Technically, trade in currency could be constrewed as foreign trade and is subject to tarrifs, not taxes. That aside, taxes have typically been used to discourage trade and bolster the local national market. If it is cheaper to buy local, any good capitalist will. Trading currency is the same principle. If there is a penalty already involved, then most people will not take the risk of trading currency.
Tobin taxes are taxes levied on currency exchange transactions in order to hold traders accountable for exploiting "noise" or high volume when trading currencies across borders internationally. Tobin taxes add yet another layer of market regulation and would likely do little to reduce market volatility or increase stability. As a student of Keynes, Tobin's economic thinking is along the lines of "If it ain't broke, DO fix it." Currency exchange is a thriving financial sector which encourages global investment and should not be hampered by increased taxes or regulations.

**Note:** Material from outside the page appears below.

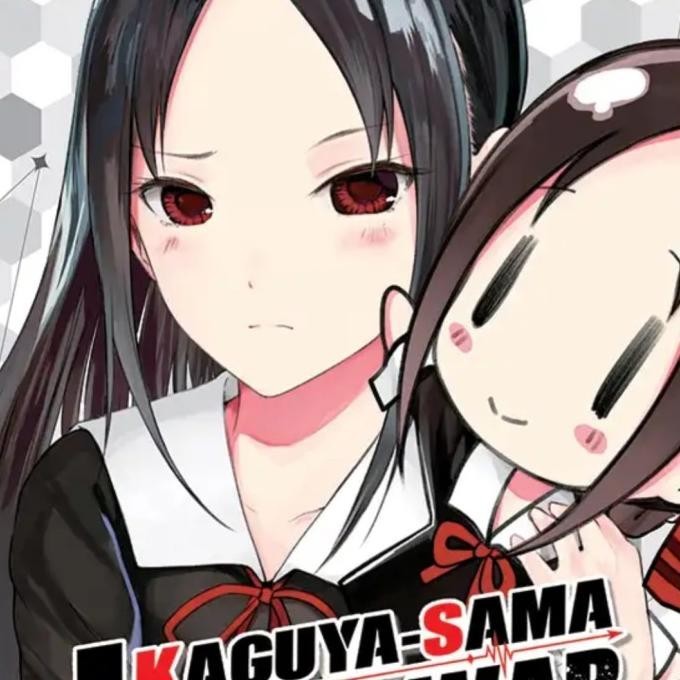 Buku komik kaguya sama love is war vol 15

Yes, I think that Tobin taxes in electronic currency exchanges discourage currency trading, because they they make it more expensive to trade currency. Any time an activity is going to be made more expensive, there are fewer people who will engage in that activity. This is no different than any other increase in price.
No, I do not think that these taxes discourage currency trading very much at all. I think that if you need to use this machine, you will not worry all that much about a small tax that is being charged to you so that the government gets helped out alot.
The reason I don't think that Tobin taxes in electronic currency exchanges discourages currency trading is because there hasn't been any evidence of anything discouraging currency exchanges. Tobin taxes are a hindrance and annoyance, of course, but they are certainly not going to deter or discourage currency trading on any level.